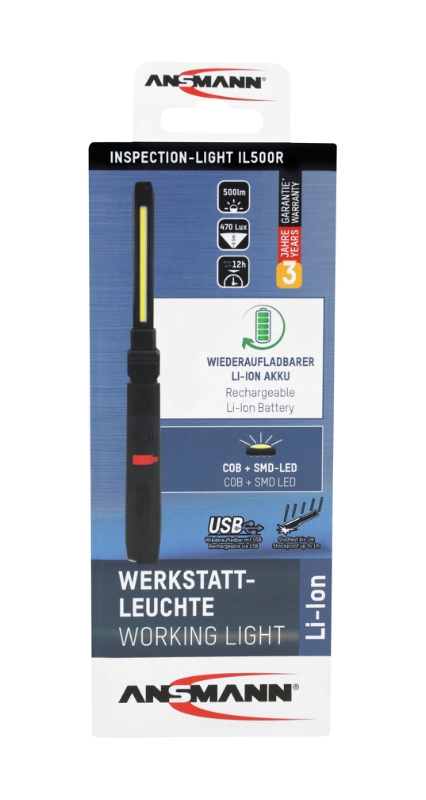 Værkstedslygte Ansmann 500 Lumen. Opladelig, magnet, krog, foldbar og andre funktioner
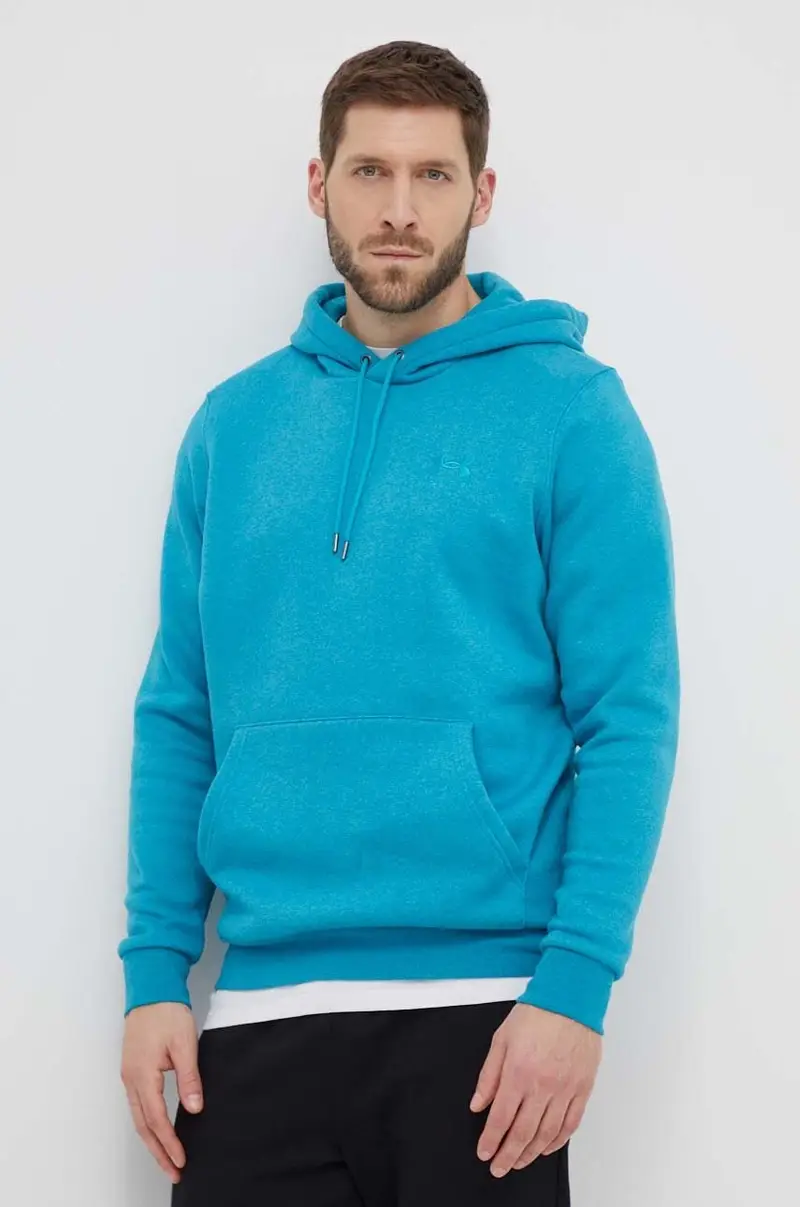 felpa uomo colore turchese con cappuccio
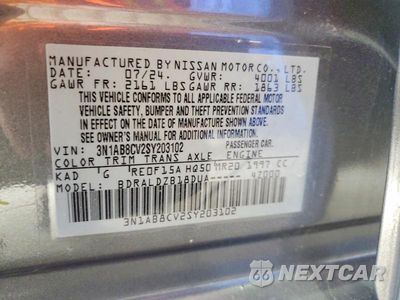 Zdjęcie 12 z 12 samochodu: 2025 NISSAN SENTRA SV VIN:3N1AB8CV2SY203102 - miniatura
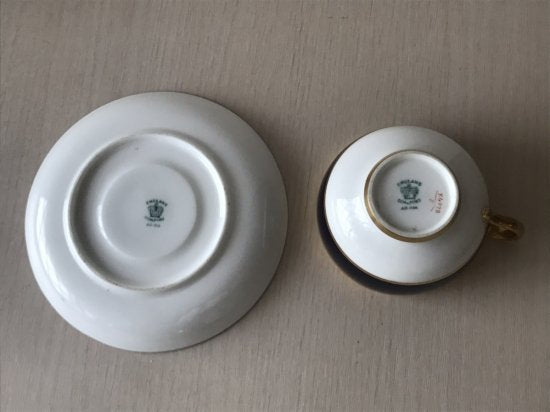 アンティーク　コールポート　コバルトブルー　ゴールド　カップとソーサー　シンプルスタイル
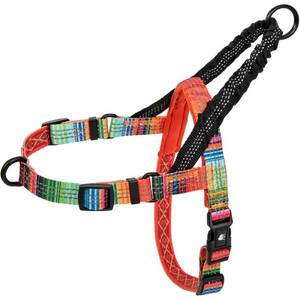lot 53167 image: Leashboss No Pull Dog Harness, Easy Walk for Small, Medium, and Large Pets, Reflective with Rear and Front Clip Attachment (Blanket Pattern, Medium)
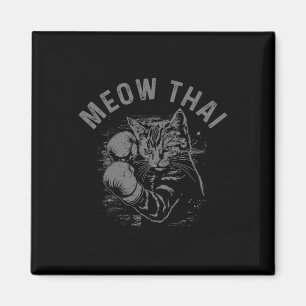 Imã Meow Thai Funny Muay Thai Boxando Gata Artes Marci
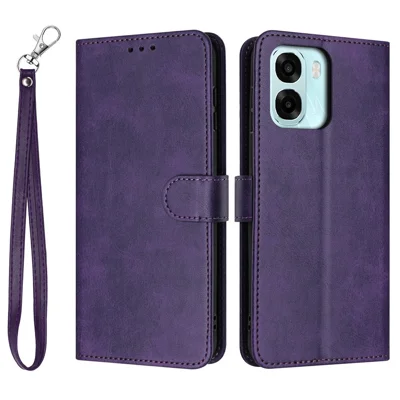 For Oppo A6x 5G / A6x 4G / A6x 5G (India) / A6s 5G / A6 4G / A6 5G (Global) / A6t 4G / A6t 5G / A6t Pro 4G (Global) / A6c 4G  Wallet Case Flip Stand Calf Texture PU Leather Phone Cover with Strap - Purple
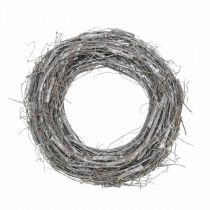 Corona deco blanco Ø40cm olmo, vid primavera decoración corona natural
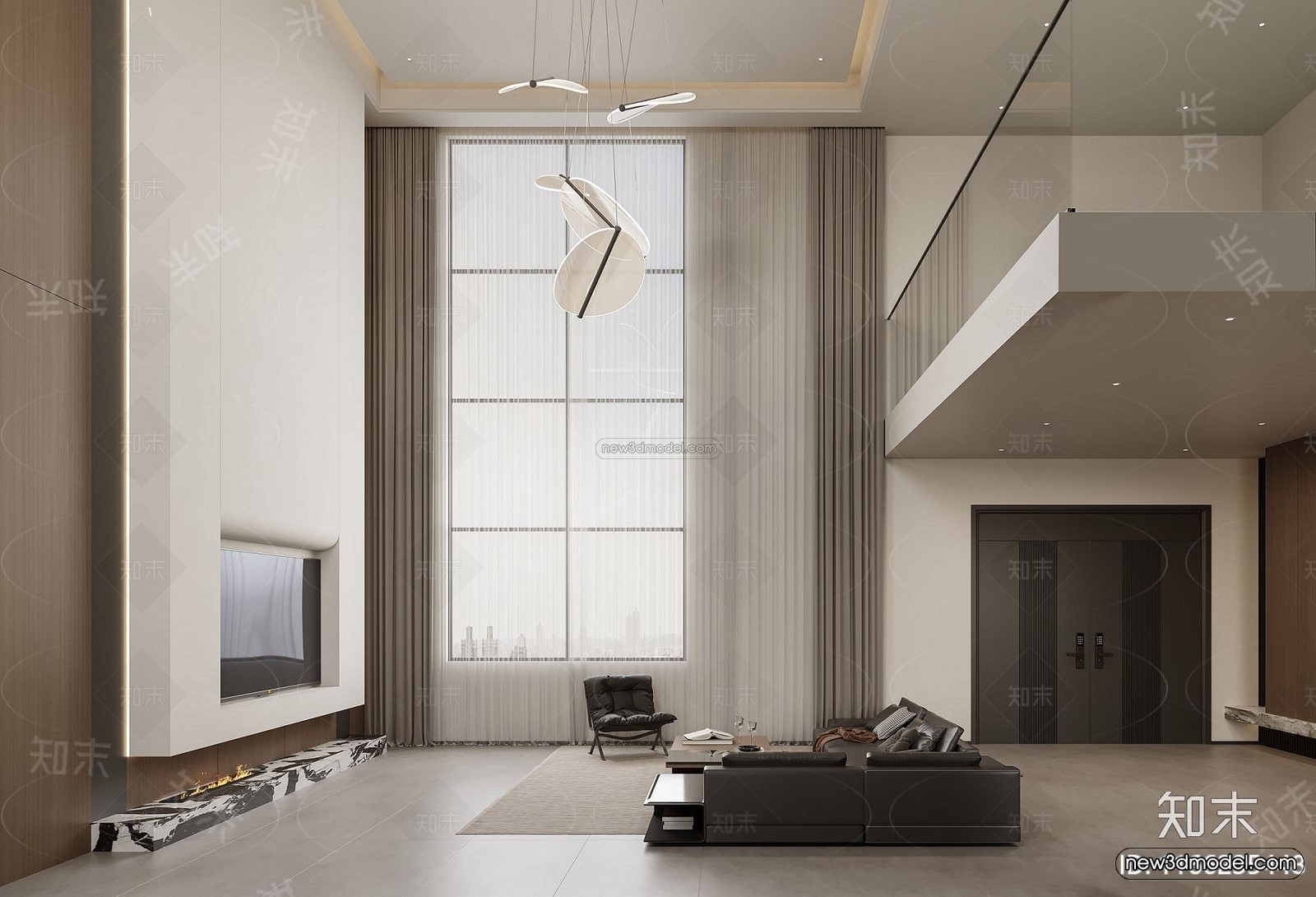 Modern Style Interior 3D Blocks and 3D Models – Living Room 3D Scene – 195 – CORONA - thumbnail 2
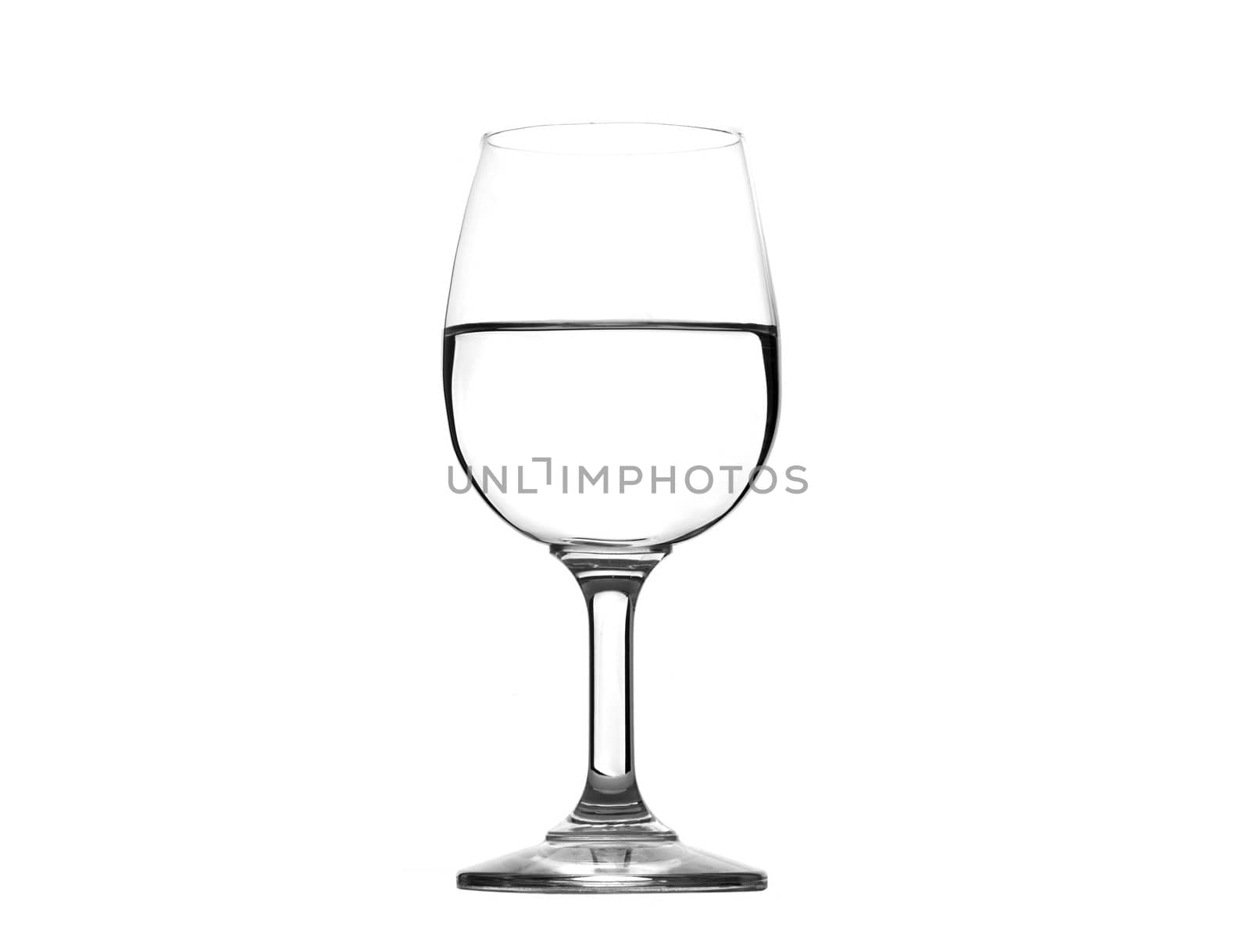 water on glass isolated on white background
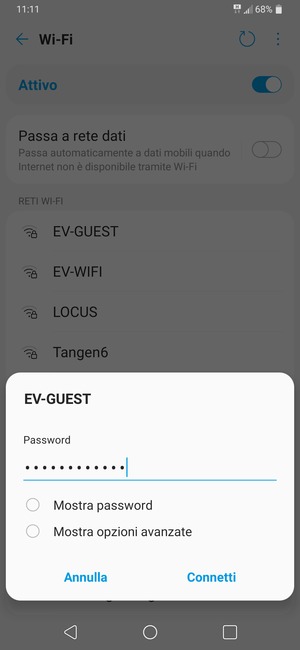 Inserisci la password del Wi-Fi e seleziona Connetti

• • • •

■ **Work to complete**:
The preceding entries are to be returned verbatim, with every picture excluded.

■ **Answer to this exercise**:
 Værkstedslygte Ansmann 500 Lumen. Opladelig, magnet, krog, foldbar og andre funktioner
 felpa uomo colore turchese con cappuccio
 Zdjęcie 12 z 12 samochodu: 2025 NISSAN SENTRA SV VIN:3N1AB8CV2SY203102 - miniatura
 アンティーク　コールポート　コバルトブルー　ゴールド　カップとソーサー　シンプルスタイル
lot 53167 image: Leashboss No Pull Dog Harness, Easy Walk for Small, Medium, and Large Pets, Reflective with Rear and Front Clip Attachment (Blanket Pattern, Medium)
 Imã Meow Thai Funny Muay Thai Boxando Gata Artes Marci
 For Oppo A6x 5G / A6x 4G / A6x 5G (India) / A6s 5G / A6 4G / A6 5G (Global) / A6t 4G / A6t 5G / A6t Pro 4G (Global) / A6c 4G  Wallet Case Flip Stand Calf Texture PU Leather Phone Cover with Strap - Purple
 Corona deco blanco Ø40cm olmo, vid primavera decoración corona natural
 Modern Style Interior 3D Blocks and 3D Models – Living Room 3D Scene – 195 – CORONA - thumbnail 2
 water on glass isolated on white background
 Inserisci la password del Wi-Fi e seleziona Connetti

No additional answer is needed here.